In lending, particularly to the un-bankable, disciplined due diligence is a critical success factor. Once loans are made, coaching and connecting regularly with the borrower assures their success and reduces your risk. [more]
Lending money is generally a high risk business. That’s why there are so many complicated formulas and covenants now with each new deal. The quant jocks are on the loose and believe that risk problems are best solved by formulas and spread sheets.
And of course that’s not entirely true. Spread sheets and covenants are necessary, but they are only one piece of the puzzle.
The most important of the other pieces in my view is consistent discipline and follow through.
Right now, lending is pretty unavailable unless the loan you seek has little or no risk attached to it. It’s been this way for almost three years now, since lenders arrived on this side of the great recession. All people we’ve worked with in non-profit lending have been turned down by the banks. There is no “room at the inn” anymore for people who lack strong collateral. And yet with a dozen or so loans we’ve made to date, no one has yet missed a payment.
How have we done that?
The answer, which we learned from the first microfinance organization we worked with (WECO) is that we attach a long umbilical cord to every new loan we make.
Lessons learned from WECO and our own experience working with “unbankable businesses” indicate that there are five key disciplines, each of which reduces the loan’s risk.
- Know the character of the person you’re lending to. Most importantly, we try to measure if we think the borrower/entrepreneur is coachable.
- Lend only once a sound business plan is finished and approved by three or more smart business (not banking) people.
- To the degree possible, disburse loan money directly to the vendors – not to the borrower.
- Create key performance indicators in advance – numbers which measure success/failure. NOTE: Even more important than bank required covenants and targets are business targets. That way, we rarely will have to discuss covenants.
- Set frequent meetings (monthly) in person with the loan recipient/entrepreneur.
Each of these disciplines, put together, comprise the “umbilical cord” we attach to our “baby” entrepreneurs.
The most important ones are the first (coachability) and the last (frequent meetings), in my view.
It’s hard to find a smart person with a good work ethic and a great concept.
It’s even harder to find those qualities in a person who doesn’t think they know it all.

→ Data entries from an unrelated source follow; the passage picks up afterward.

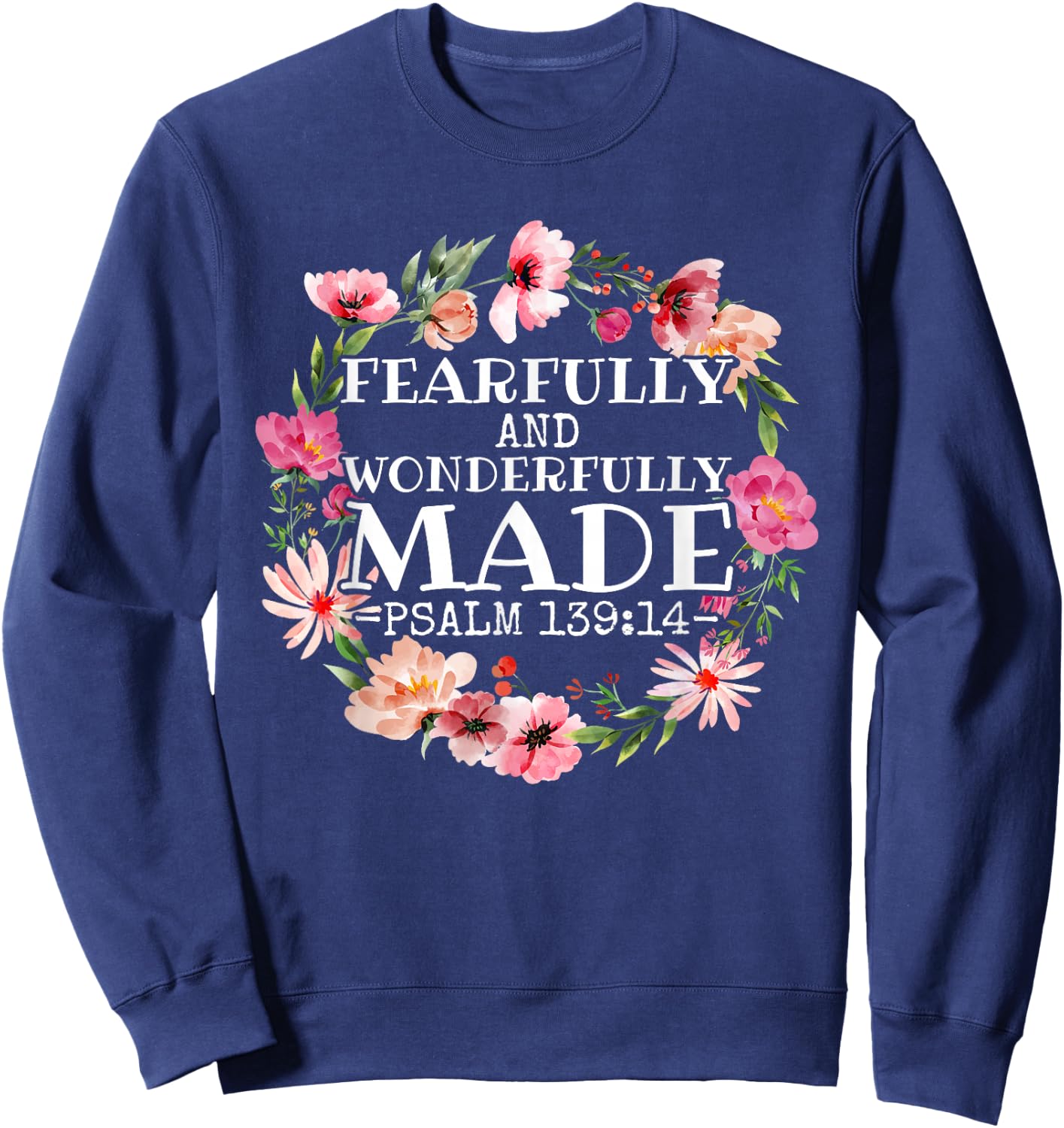 Christian Psalm 139:14 Fearfully and Wonderfully Made Sweatshirt - Sweatshirt | Navy
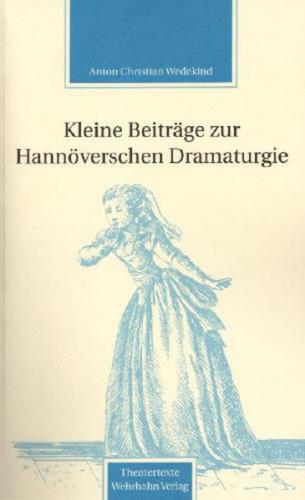Kleine Beiträge zur Hannöverschen Dramaturgie 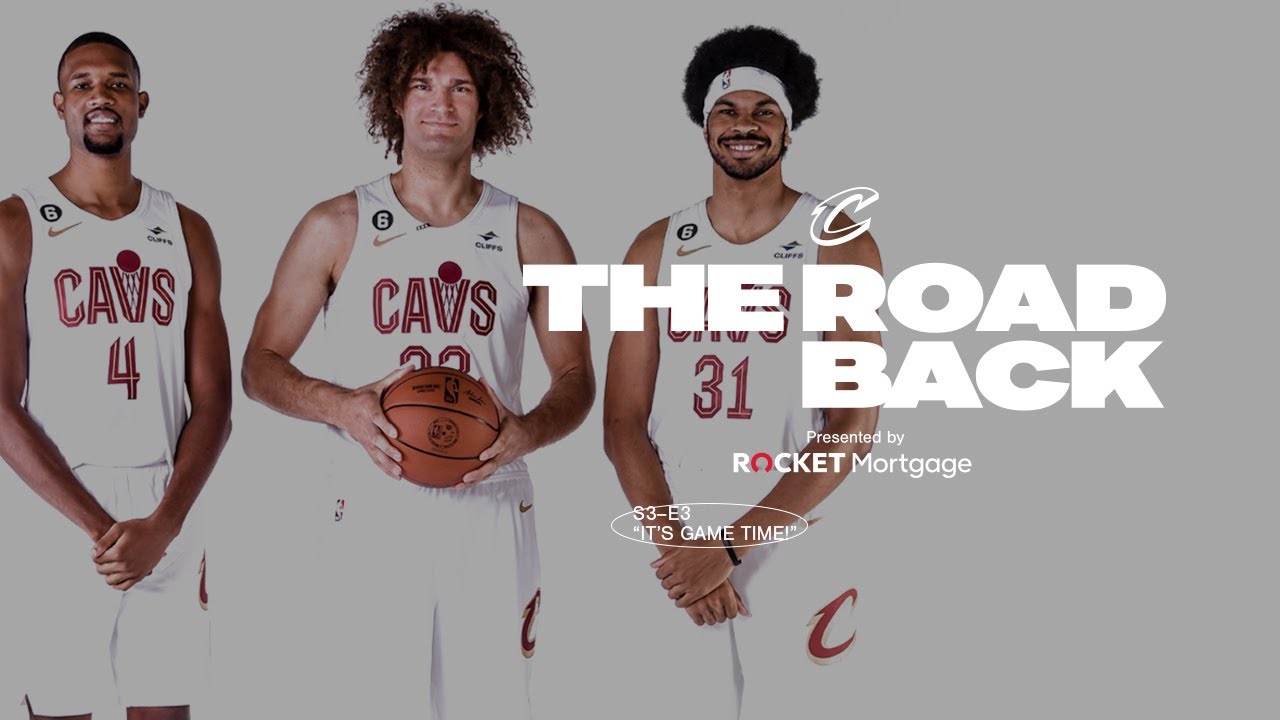 Cleveland Cavaliers All-Access: The Road Back - S3E3 - "Game Time!" background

Perhaps by definition a person willing to risk starting their own business has a big ego. It’s from a healthy ego that passion and persistence are derived.
But that same strong ego makes us hang onto bad practices too long, often times fooling ourselves into believing things that seem true for others but just aren’t true for us.
So our little lending group seeks people who are open to coaching, open to change. And it’s not because we hope they will do things our way. It’s so that when we see issues that are more easily seen by outsiders, they’ll work with us to solve them.
This leads me to key factor #5 which we call the “Woody Allen Rule.” If you’re my age or older, you may recall Allen’s famous line that “80% of life is showing up.”
And that’s what we do.
We put on a class every month for our borrowers. We show up. And we insist that they do the same.
I learned this from the peer group (Vistage) that I’ve been going to every month for 15 years now. That is, no matter how good my plan is, it’s bound to change. And no matter how smart I become, I will still make substantial errors along the way of implementing that plan.
At these meetings with our borrowers, we do very little “telling.” Instead we assign one topic for each meeting (key measures; marketing; pricing; planning for example) and then we insist each borrower show and discuss their own stuff.
I believe that lending will only loosen back up when banks and other lenders realize that the “destinations” they create with spread sheets and covenants are only the first step in the process.
The rest is a journey. It is a journey that requires patience and coaching and – just showing up.
Great businesses, the banks or the entrepreneurs, are rarely built with low risk/no risk loans. And so I hope we’ll soon see lenders re-entering (what I’ll call) the smart risk business.
If they don’t, someone else will. I plan that one of those will be The Business of Good.